Task brief – Once the line holding "Pretty woman in black and white dress isolated on white Pretty" appears, repeat it and each line after it to the end of the data, exactly and with nothing else; pictures stay out.

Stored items
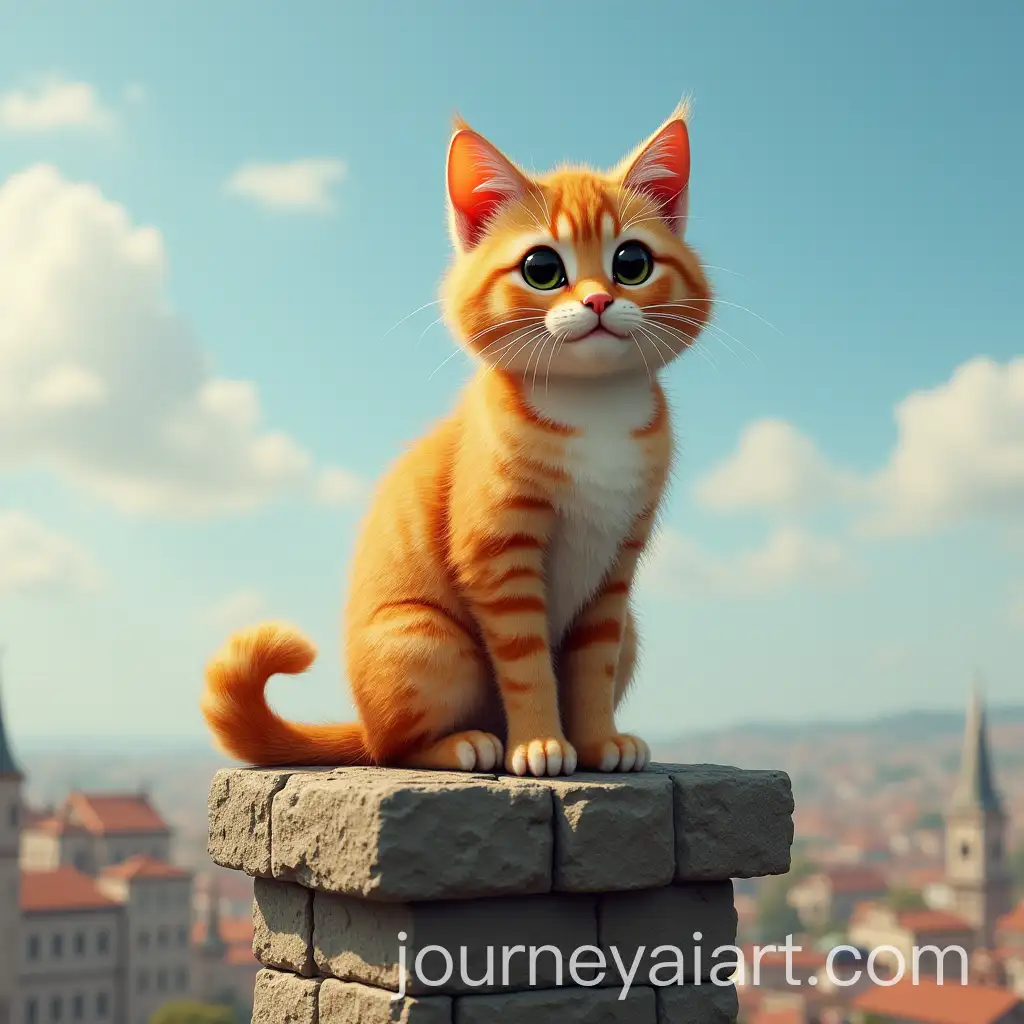 Cat-on-Tower-with-Dramatic-Sky-Background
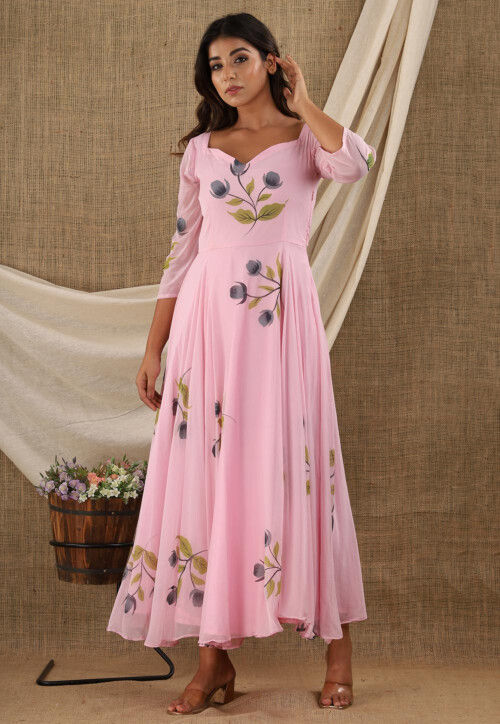 Moccasin Designer Gown In Net With Floral Patch Work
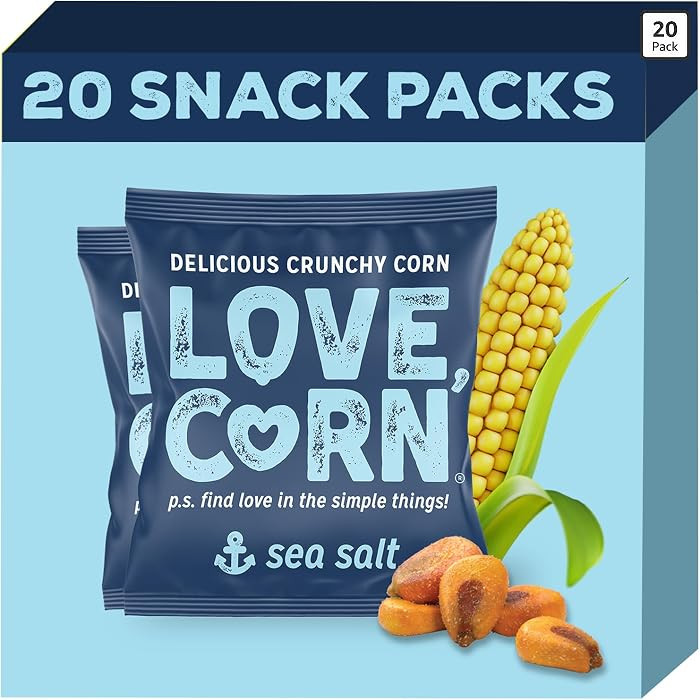 LOVE CORN Sea Salt – Crunchy Roasted Corn Snack, 3 Simple Ingredients, Gluten Free, Non-GMO, Ve... | Amazon (US)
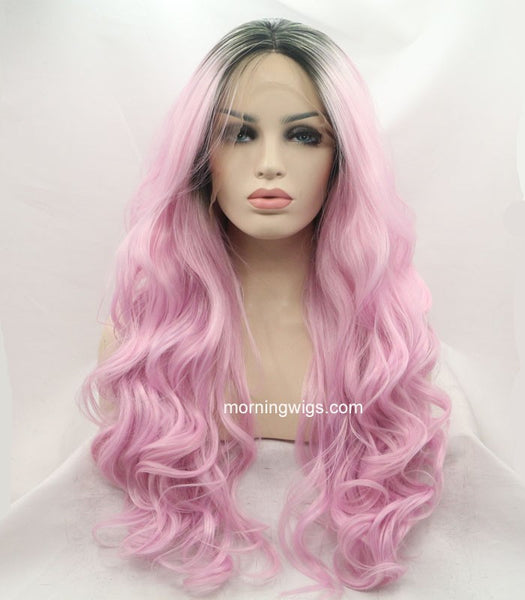 dark root pink body wave synthetic lace front wigs for Sydney to Hobart Yacht Race - Luckin Wigs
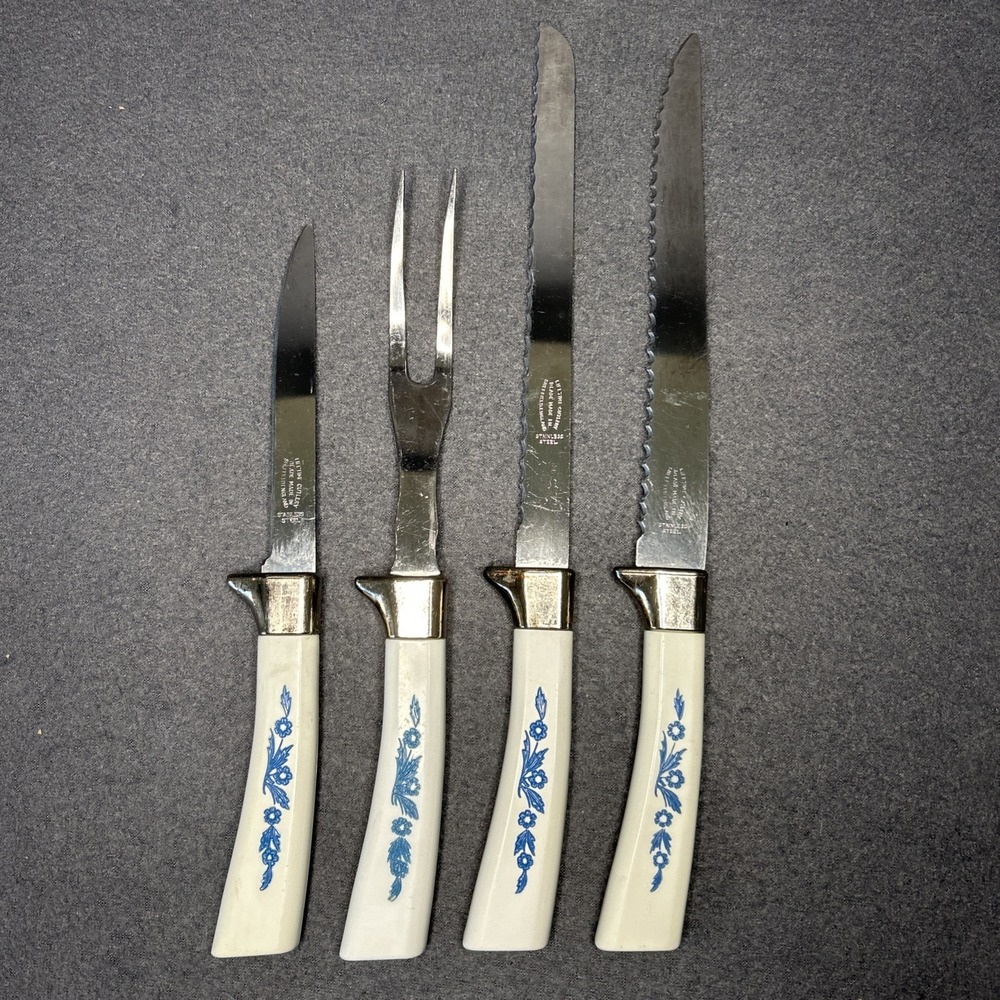 Vintage Lifetime Cutlery 4-Piece Knife Set Sheffield England Cornflower‎ Pattern
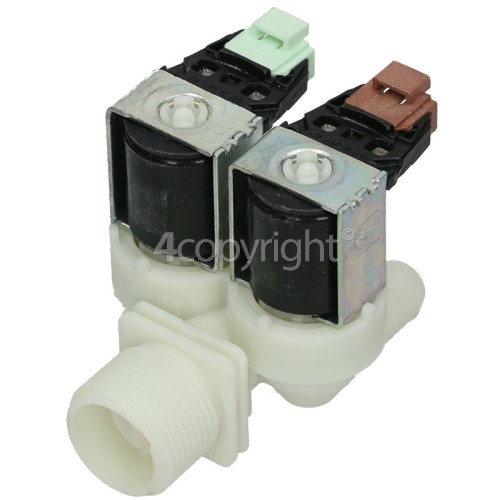 Electrolux Group Cold Water Double Solenoid Inlet Valve : 180Deg. With Protected (push) Connectors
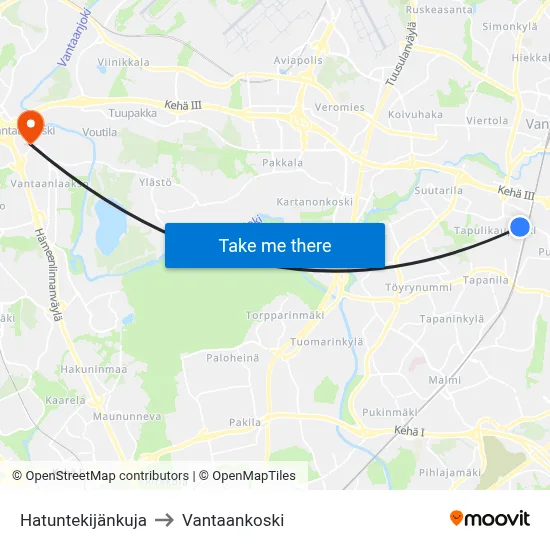 Hatter's Alley to Vantaankoski map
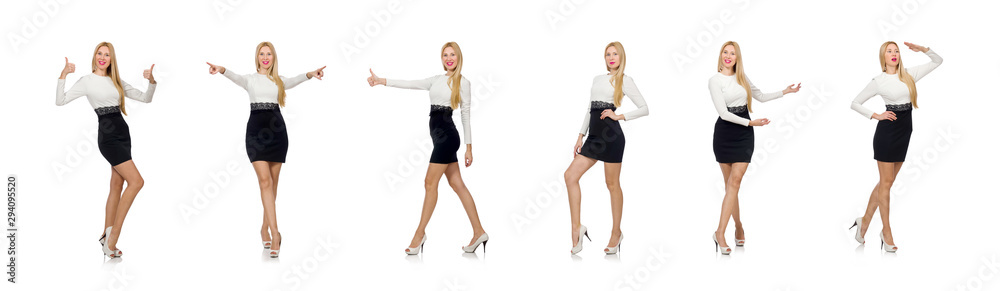 Pretty woman in black and white dress isolated on white Pretty woman in black and white dress isolated on white
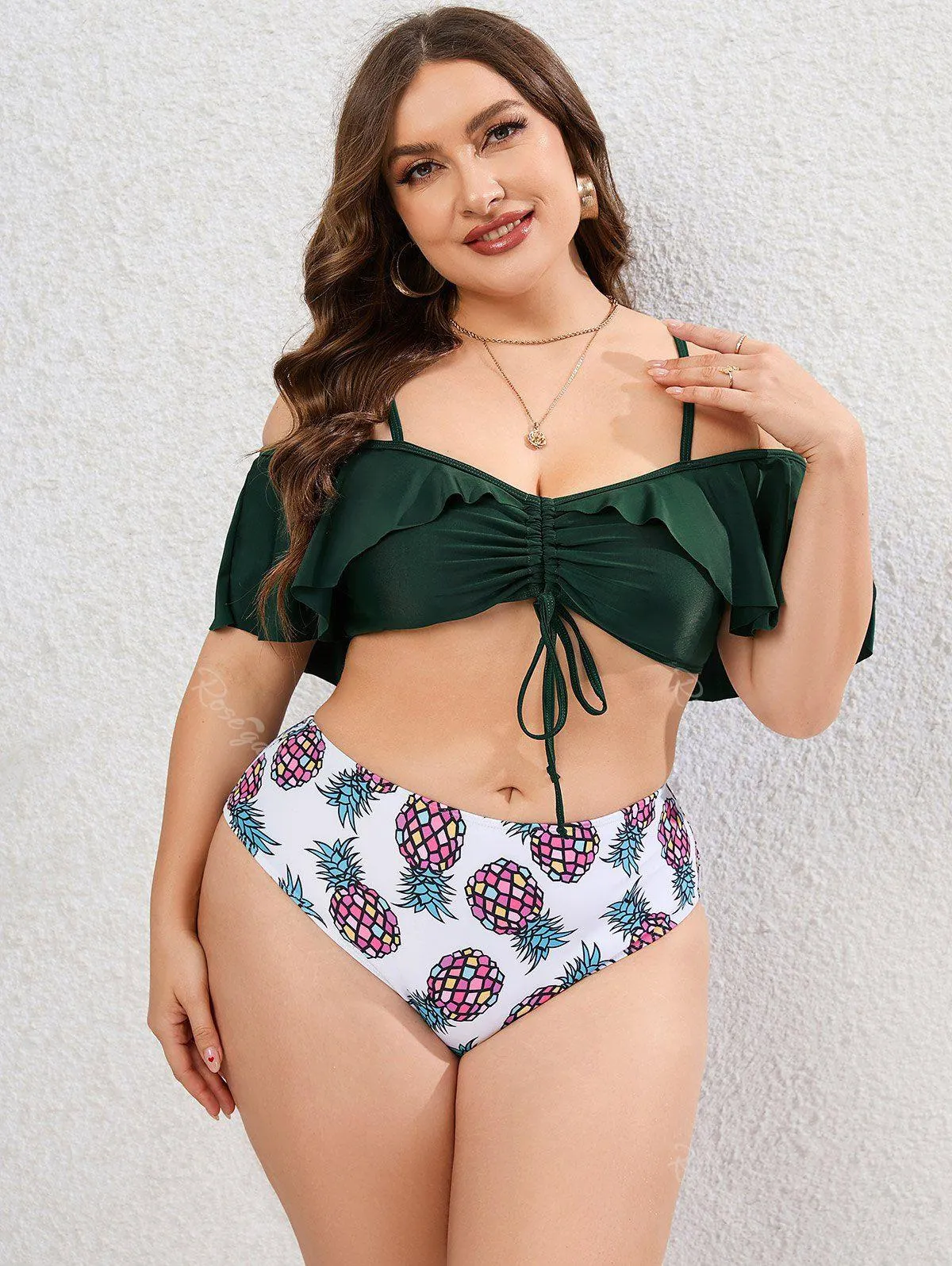 Plus Size Ruffle Pineapple Print Cinched Ruched Full Coverage Bikini Swimsuit - 4x | Us 26-28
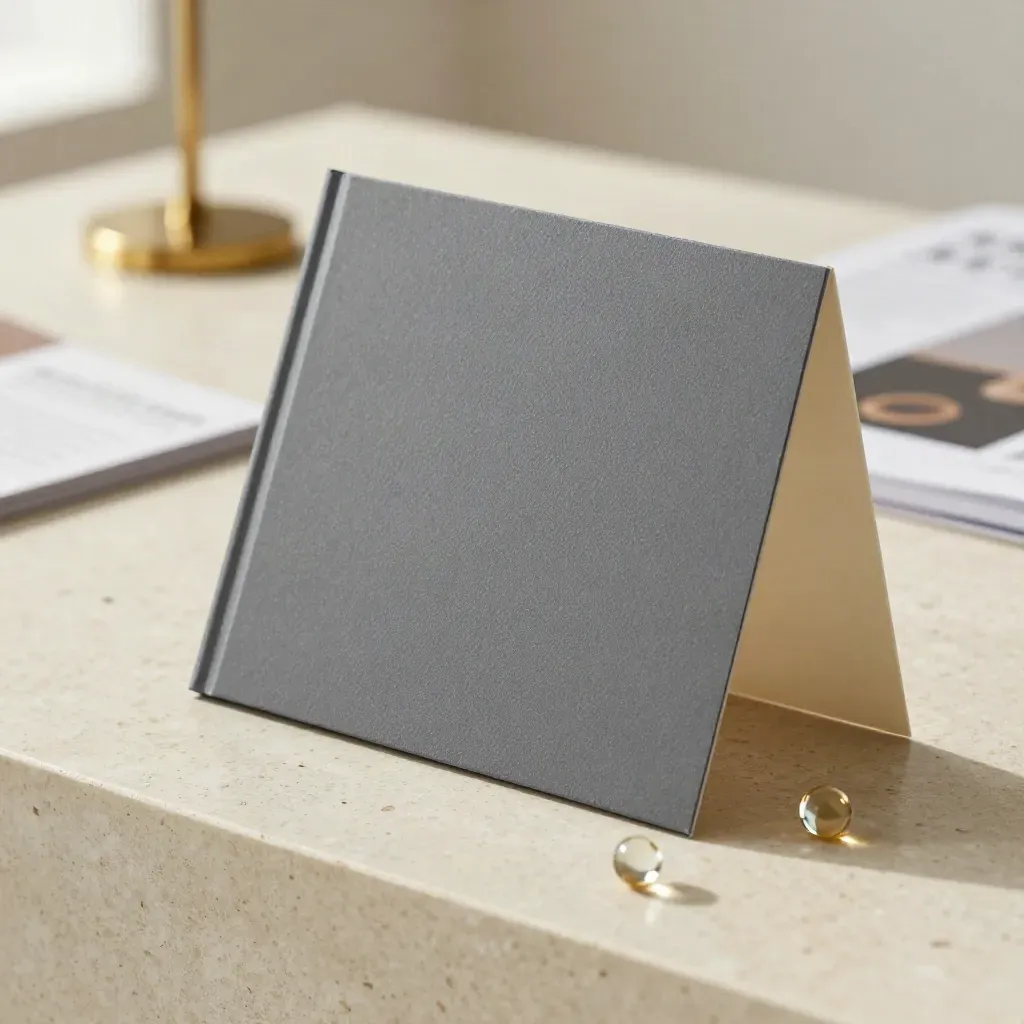 Slate booklet with cream insert, stone chip and glass bead on travertine, softly lit in studio.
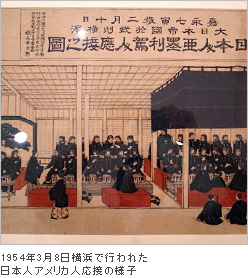 1954年3月8日横浜で行われた 日本人アメリカ人応接の様子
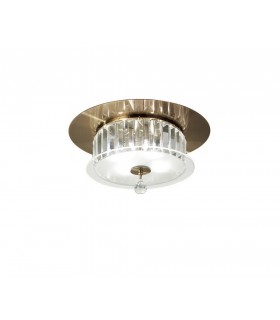 Flush Ceiling Round 4 Light Antique Brass, Glass, Crystal - 1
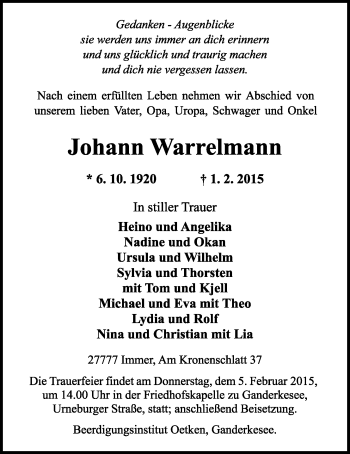 Traueranzeige von Johann Warrelmann von Nordwest-Zeitung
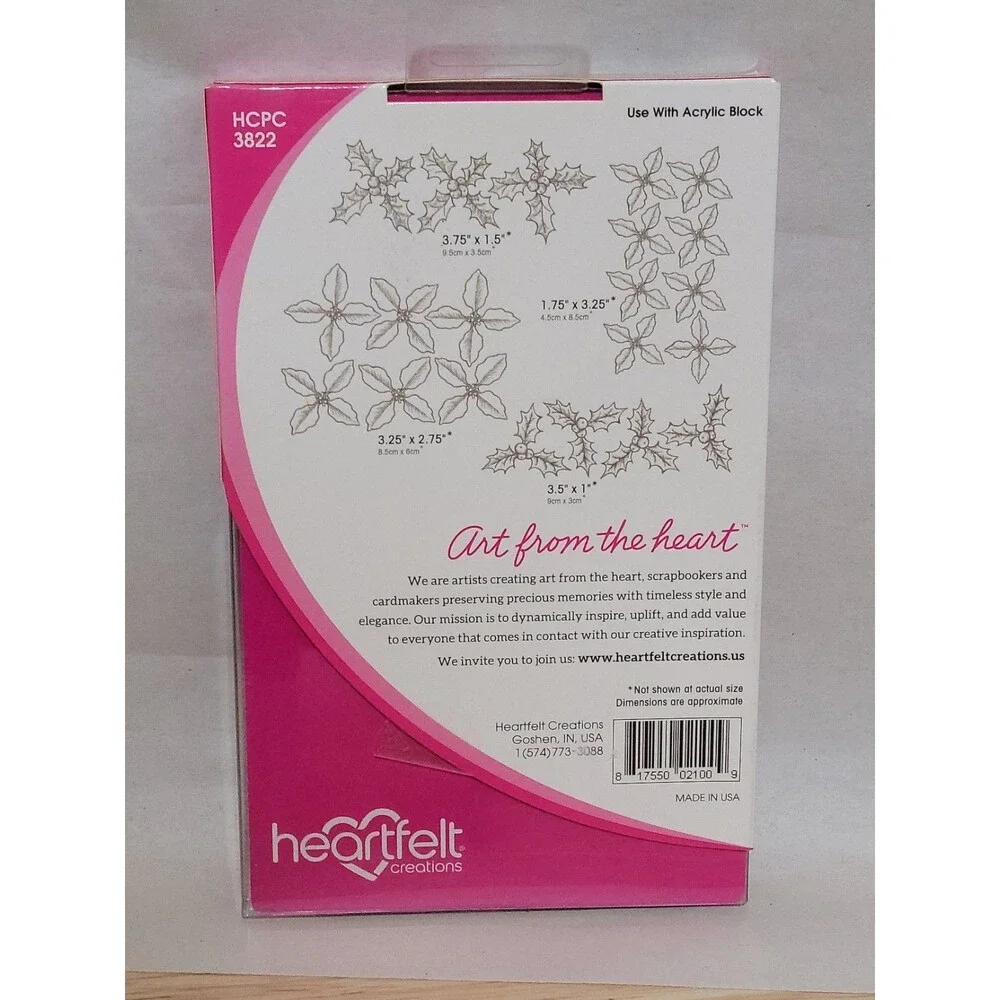 Heartfelt Creations Poinsettia Holly Clusters Craft Dies Cling Stamps Scrapbook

Worked solution –
 Pretty woman in black and white dress isolated on white Pretty woman in black and white dress isolated on white
 Plus Size Ruffle Pineapple Print Cinched Ruched Full Coverage Bikini Swimsuit - 4x | Us 26-28
 Slate booklet with cream insert, stone chip and glass bead on travertine, softly lit in studio.
 1954年3月8日横浜で行われた 日本人アメリカ人応接の様子
 Flush Ceiling Round 4 Light Antique Brass, Glass, Crystal - 1
 Traueranzeige von Johann Warrelmann von Nordwest-Zeitung
 Heartfelt Creations Poinsettia Holly Clusters Craft Dies Cling Stamps Scrapbook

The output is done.